You will need to turn in only one file, DistanceVector.py.
There are some very important guidelines for this file you must follow:

  1. Your submission must terminate! If your submission runs indefinitely (i.e. contains an infinite loop) it will not receive full credit. Termination here is defined as self-termination by the process. Manually killing your submission via console commands or interrupts is NOT an acceptable means of termination.
  2. Remove any print statements from your code before turning it in! Print statements left in the simulation, particularly for inefficient but logically sound implementations, have drastic effects on run-time. Your submission should take well less than 10 seconds to process a topology. If your leave print statements in your code and they adversely affect the grading process, your work will not receive full credit. Feel free to use print statements during the project and during debugging, but please remove them before you submit to T-Square.
  3. Logging is important for this project! It is the only way that we can verify that your algorithm is running correctly. The output validator will catch most formatting mistakes, but you should inspect your output by hand to make sure it matches the requested format just in case the script missed something. The proper logging format is specified in the TODO comment for logging located in DistanceVector.py .

Spirit of the Project

As with Project 2, the goal of this project is to implement a simplified version of a network protocol using a distributed algorithm. This means that your algorithm should be implemented at the network node level. Each network node only knows it’s internal state, and the information passed to it by its direct neighbors.

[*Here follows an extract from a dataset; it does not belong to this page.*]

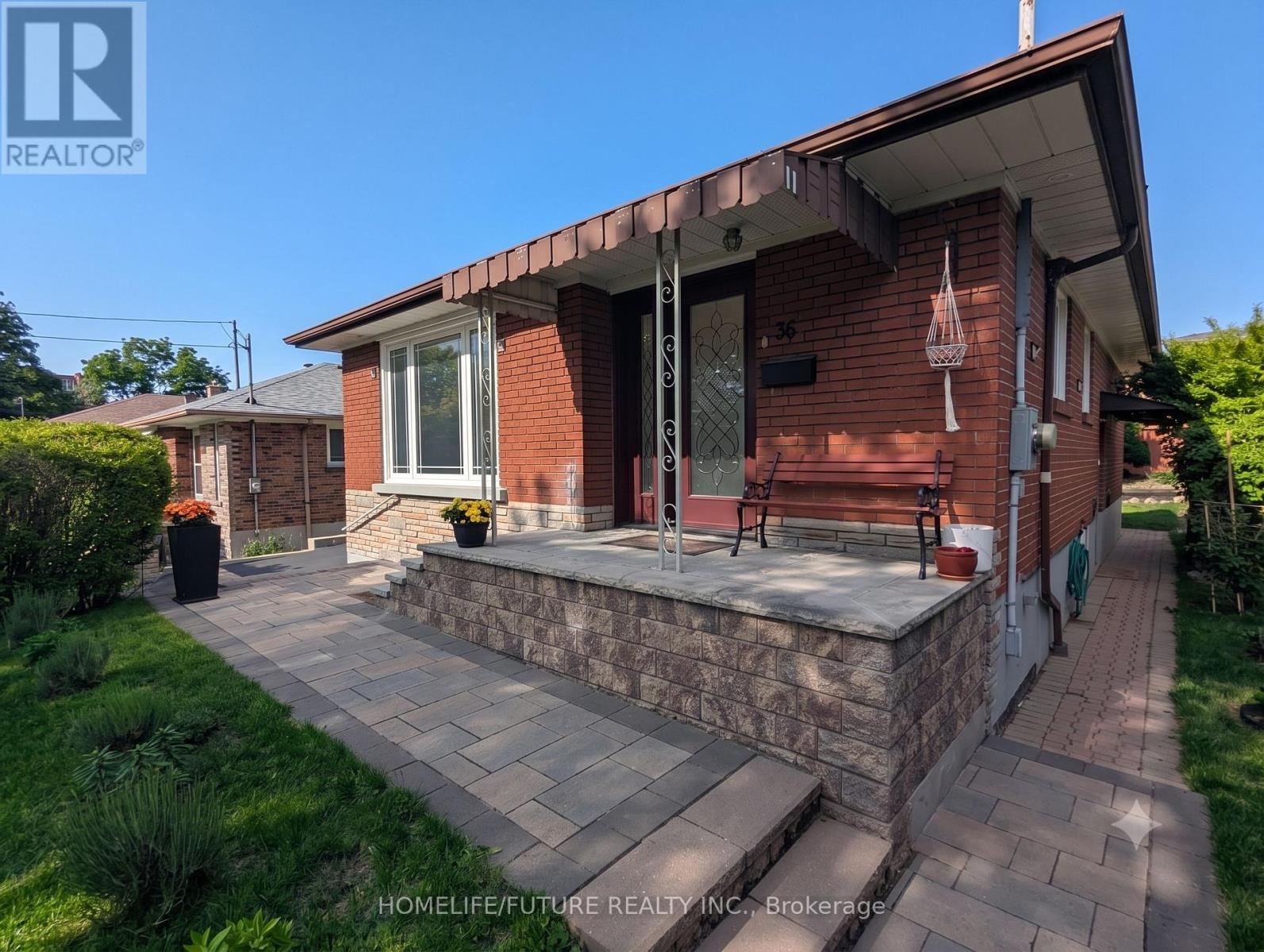 36 Kim Court, Toronto, Ontario  M1K 3R6 - Photo 3 - E13220924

The skeleton code we provide you runs a simulation of the larger network topology. For simplicity, the Node class defines a link to the overall topology. This means it is possible using the provided code for one Node to access another Node’s internal state. This goes against the spirit of the project, and is not permitted.

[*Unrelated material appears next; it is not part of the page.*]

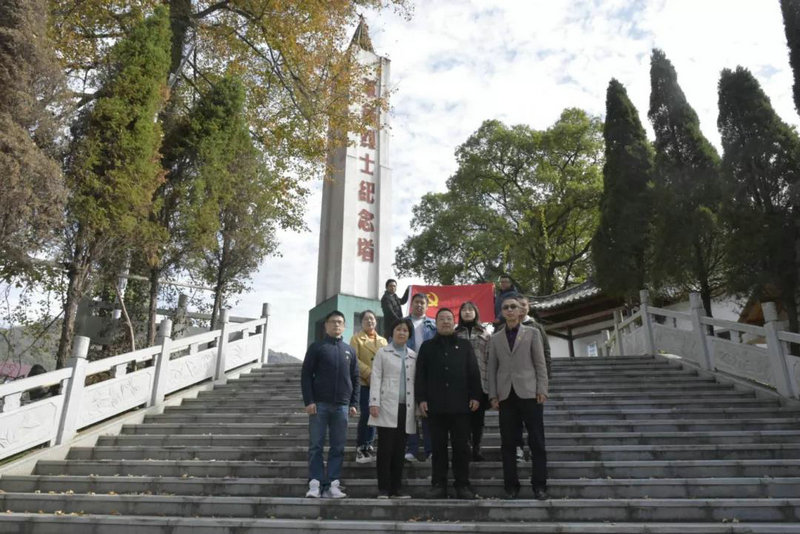市直机关工委赴结对帮扶村宣讲党的十九届六中全会精神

When we grade your code, we will use a special version of Node.py that will have a randomly generated variable name for the topology object, and if you access it directly in order to generate your distance vectors in DistanceVector.py , your code will throw a runtime error, and receive no credit. If you have questions about whether your code is accessing data it should not, please ask on Piazza or during office hours!

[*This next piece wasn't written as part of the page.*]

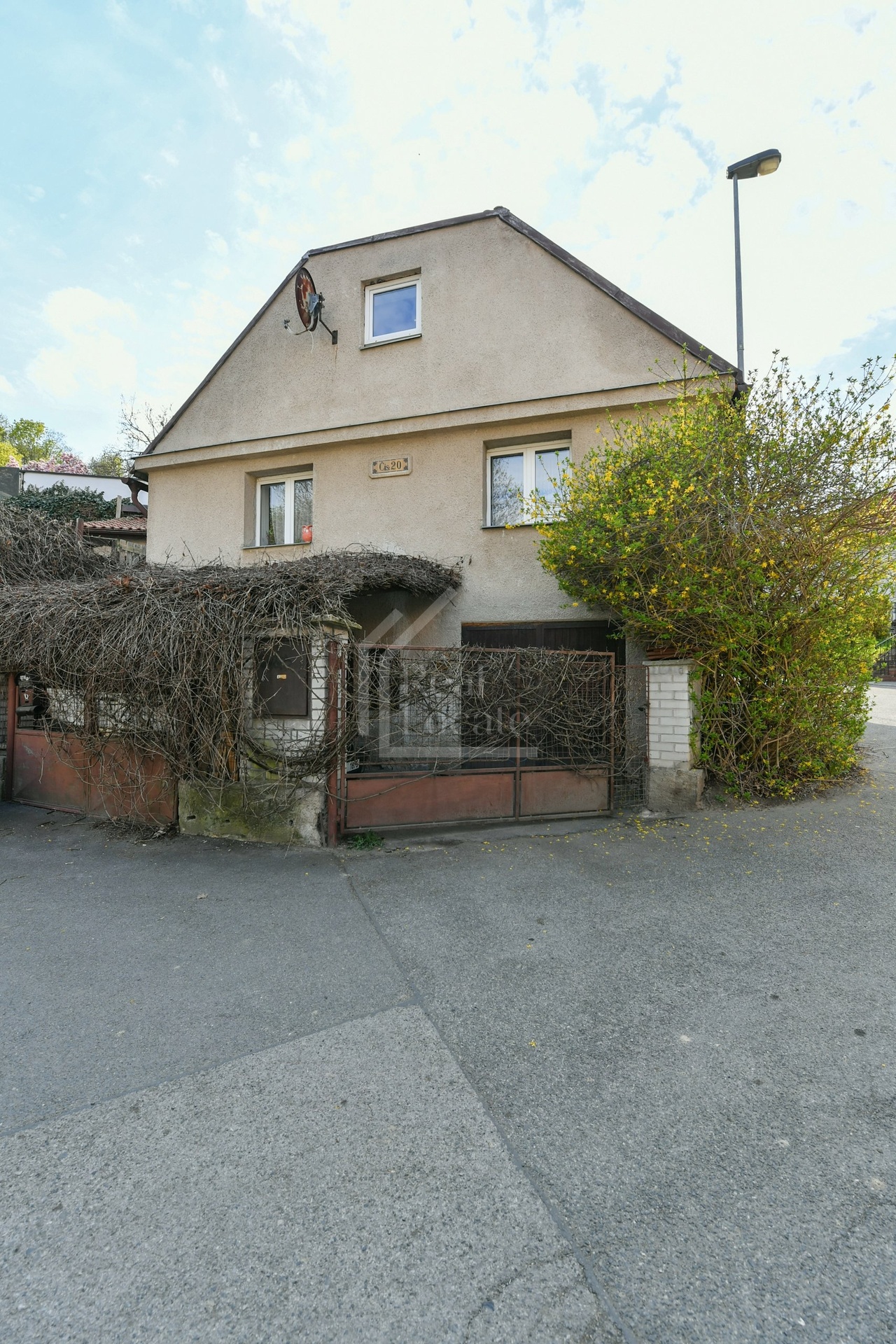 Exkluzivní prodej RD 251 m2 včetně pozemku, Pod Petřinami, Veleslavín, Praha 6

What you can (and cannot) share

Do not share the content of your DistanceVector.py file with your fellow students, on Piazza, or elsewhere publicly. You may share any log files for any topology, and you may also share new topologies. Additionally, code that you write that is not required for turn-in, like testing suites may be shared. It may be a good idea to share a “correct” logs for a particular topology, if you have one, when you share the code for that topology. When sharing log files, you should leave alphabetization on. This allows your classmates to use the diff tool to see if you are getting the same log outputs as they are.

Grading

Grading Note: Zero credit will be given if logging is incorrect. Incorrectly formatted logs will not match properly and fail the autograder, and we will not be manually inspecting incorrectly named/formatted/etc. logs due to the number of students in the class. Additionally, partial credit will not be awarded to distance vector logs that are mostly correct. If the output contains some paths that are between nodes that are not the shortest available route, then there is an issue with the algorithm with respect to that test case.